__Exercise prompt__. Copy the records below, from the line containing "SOHM Melatonin Gummies" through the last line; leave out pictures.

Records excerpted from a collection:

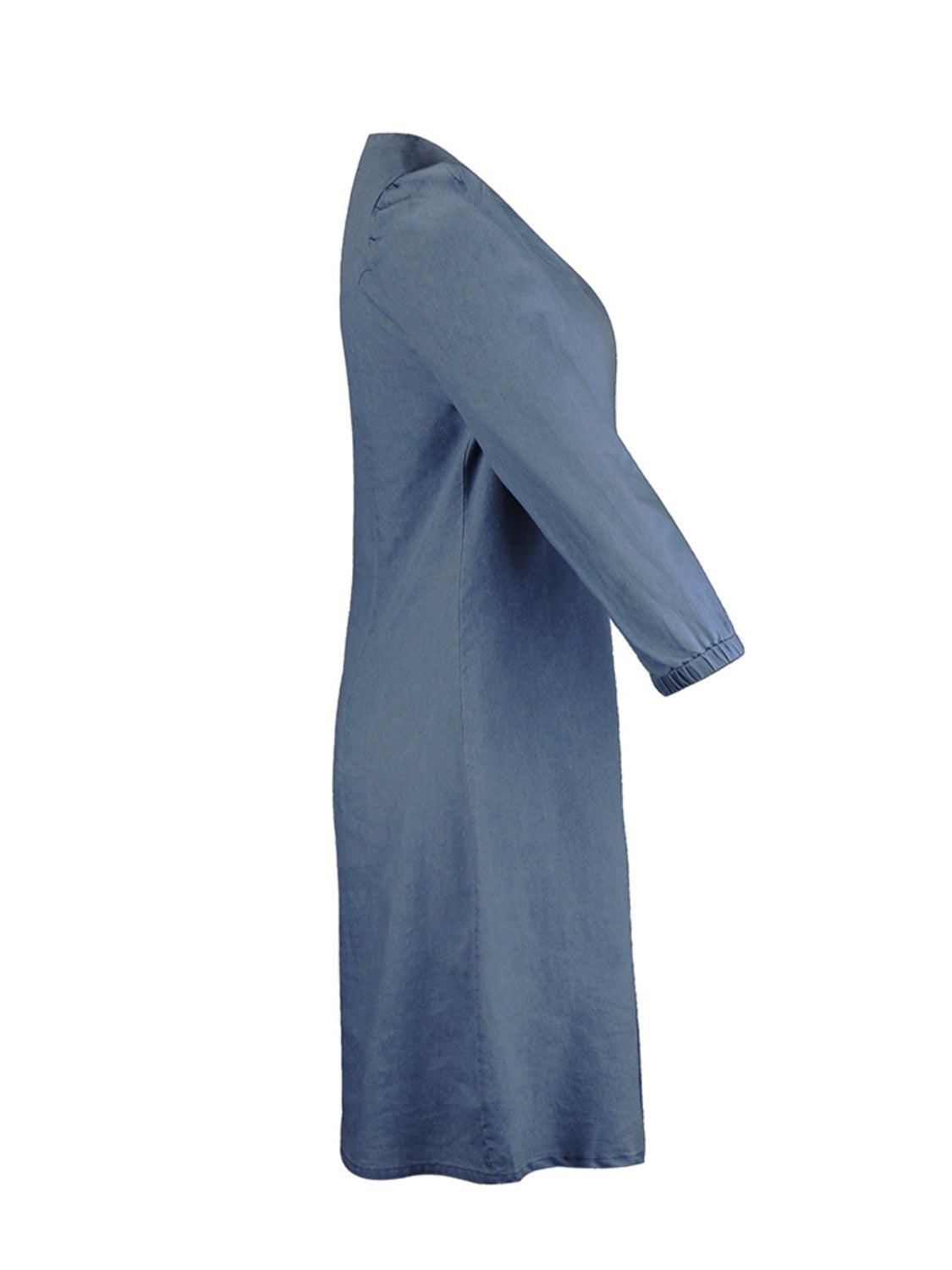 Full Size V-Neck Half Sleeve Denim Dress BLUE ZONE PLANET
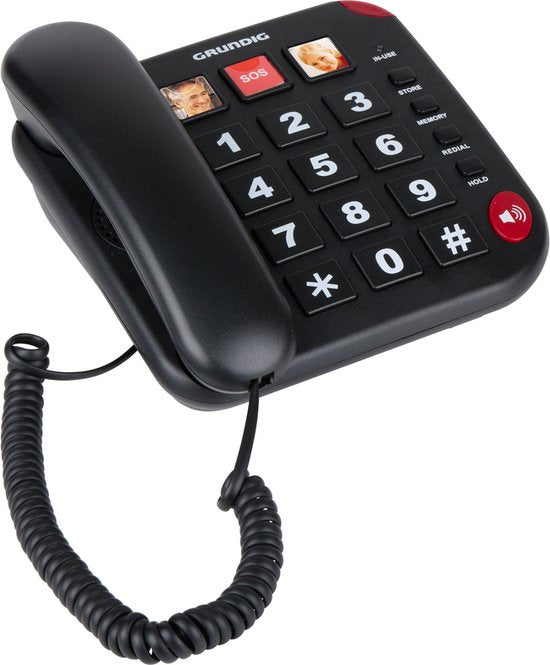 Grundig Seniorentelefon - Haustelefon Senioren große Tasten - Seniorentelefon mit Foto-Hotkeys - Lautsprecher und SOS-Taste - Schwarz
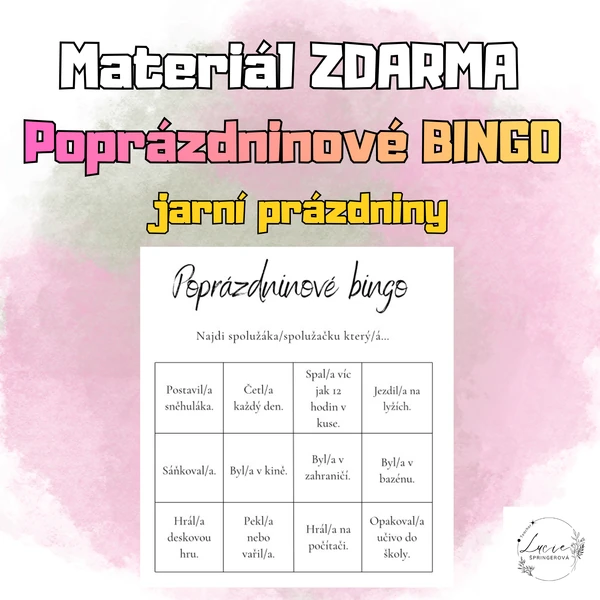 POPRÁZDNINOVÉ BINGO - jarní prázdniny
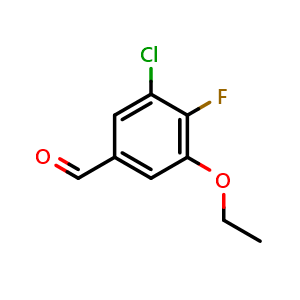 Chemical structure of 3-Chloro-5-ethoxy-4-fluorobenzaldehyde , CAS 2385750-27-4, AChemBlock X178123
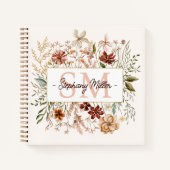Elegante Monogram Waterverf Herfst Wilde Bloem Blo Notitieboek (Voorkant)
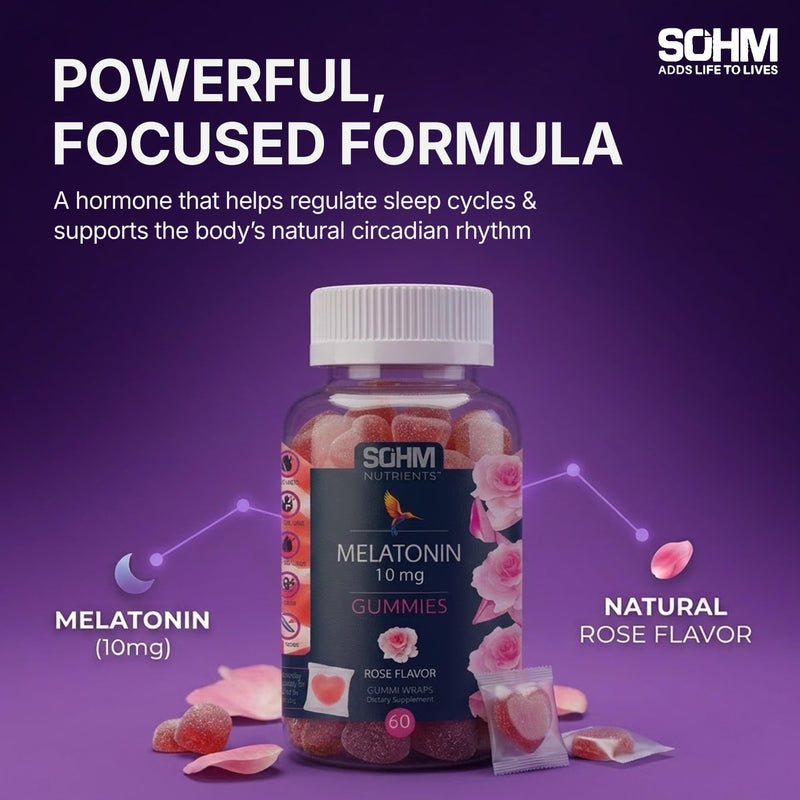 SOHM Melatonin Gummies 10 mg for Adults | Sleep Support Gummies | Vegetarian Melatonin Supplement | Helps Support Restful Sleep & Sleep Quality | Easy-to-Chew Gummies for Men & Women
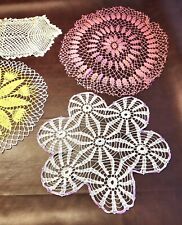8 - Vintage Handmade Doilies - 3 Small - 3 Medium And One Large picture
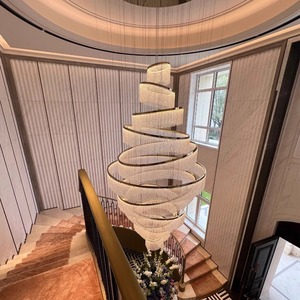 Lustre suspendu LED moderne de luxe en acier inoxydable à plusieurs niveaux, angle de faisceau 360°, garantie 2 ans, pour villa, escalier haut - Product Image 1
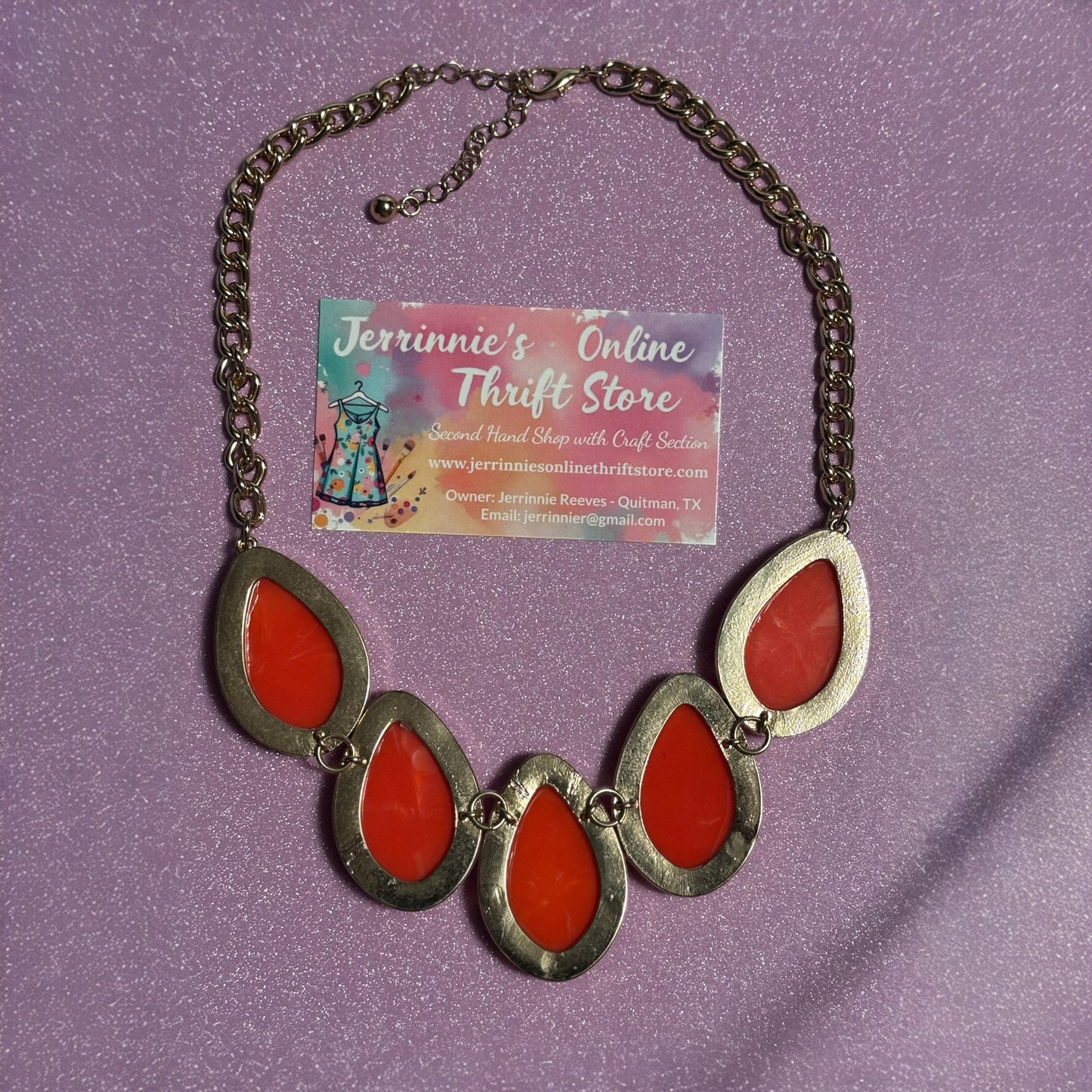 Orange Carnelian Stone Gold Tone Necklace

__Response__.
 SOHM Melatonin Gummies 10 mg for Adults | Sleep Support Gummies | Vegetarian Melatonin Supplement | Helps Support Restful Sleep & Sleep Quality | Easy-to-Chew Gummies for Men & Women
8 - Vintage Handmade Doilies - 3 Small - 3 Medium And One Large picture
 Lustre suspendu LED moderne de luxe en acier inoxydable à plusieurs niveaux, angle de faisceau 360°, garantie 2 ans, pour villa, escalier haut - Product Image 1
 Orange Carnelian Stone Gold Tone Necklace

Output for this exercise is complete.